When you hear Levy bellow, “Warm your frozen boots by the fire!” in his exaggerated Scottish brogue, you’d swear you were about to be dealt a hand of virtual cards.

Out of costume, Levy is just as jovial as his alter ego.

But Levy doesn’t just sound like the Innkeeper. At gaming conventions and festivals like BlizzCon and PAX, he literally becomes the character, donning the costume, wig, and makeup he commissioned Hollywood pros to create.

“It’s three and a half hours in a makeup chair with prosthetics,” says Levy. “It costs me roughly $300 every time I wear the outfit.”

His expensive efforts don’t go unnoticed.

“Walking around conventions or being at events as the Innkeeper is amazing,” Levy says. “And when they hear the voice, they’re blown away. I love that feeling.”

A couple of hours—and a few hundred bucks—is all it takes to transform into Hearthstone’s iconic tavern host.

Levy’s affection for his beloved game—and his fellow fans—runs deep. The 40-something from Santa Ana, California, may be one of the most famous members of the Hearthstone community, known far and wide for hosting elaborate fan events. And like the game’s tavern master, he makes sure his players feel right at home.

“The game is great, but the community is really what sold me on running these events,” says Levy, who welcomes fans of all skill levels to his gatherings. “They don’t have to be good, they don’t have to be competitive—they’re still going to have fun.”

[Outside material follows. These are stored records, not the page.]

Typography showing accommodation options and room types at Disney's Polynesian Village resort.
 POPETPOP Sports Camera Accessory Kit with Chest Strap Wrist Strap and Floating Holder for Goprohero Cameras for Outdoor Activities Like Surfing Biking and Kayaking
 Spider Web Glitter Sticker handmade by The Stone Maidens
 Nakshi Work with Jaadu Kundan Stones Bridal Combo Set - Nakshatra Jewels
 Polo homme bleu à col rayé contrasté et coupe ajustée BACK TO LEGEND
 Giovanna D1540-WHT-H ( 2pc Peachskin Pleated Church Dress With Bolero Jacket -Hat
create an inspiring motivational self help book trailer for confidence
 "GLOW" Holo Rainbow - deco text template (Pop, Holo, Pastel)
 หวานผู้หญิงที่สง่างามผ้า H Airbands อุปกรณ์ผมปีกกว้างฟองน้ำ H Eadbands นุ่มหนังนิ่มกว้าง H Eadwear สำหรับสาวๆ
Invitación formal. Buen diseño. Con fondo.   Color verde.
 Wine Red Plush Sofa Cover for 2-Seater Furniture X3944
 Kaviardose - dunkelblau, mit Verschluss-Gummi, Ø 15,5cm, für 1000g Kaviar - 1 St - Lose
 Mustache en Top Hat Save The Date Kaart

In full Innkeeper regalia, Levy looks like he walked right out of the game.

Levy organized his first casual Hearthstone meetup in 2015. A year later, he was tapped to host a Hearthstone Championship Tour stop in Arizona, where he created questlike mini-challenges (printed on parchment scrolls, no less) to get players mingling.

Fans loved it. Their enthusiasm fueled Levy to introduce even more imaginative elements at each new event. He and his team of five volunteers have designed everything from a model of an erupting volcano to a 10-foot Witchwood tree with electronic eyes that follow players as they walk by.

Hearthstone has enjoyed well over a dozen add-on expansions and adventures—but the Innkeeper’s been there since the very beginning.

“I wanted people to come and see something that was beyond what they were expecting and have that ‘Wow!’ moment,” Levy says.

For a prerelease event tied to Hearthstone’s Rise of Shadows expansion, Levy and his crew built escape-room-style puzzles themed around the expansion’s villains. Solving all the challenges led you to a pyramid, where you connected cables to arcane symbols in the right order to unlock a sealed treasure chest.

Levy credits his event-planning know-how to a prior career as a restaurant manager and time spent designing shows for bands (he plays the keytar).

“I slept very little those two weeks,” he says of the crunch time preceding the big unveil.

Hearthstone developer Blizzard Entertainment has started contracting Levy to host official tournaments, and other game publishers seek out his services too. Levy hopes to eventually expand his side hustle, Bytes Events, into a full-time affair.

For now he’s content portraying Hearthstone’s friendliest face.

“If anyone is going to be the Innkeeper, it’s going to be me,” Levy says. “I take this way too seriously.”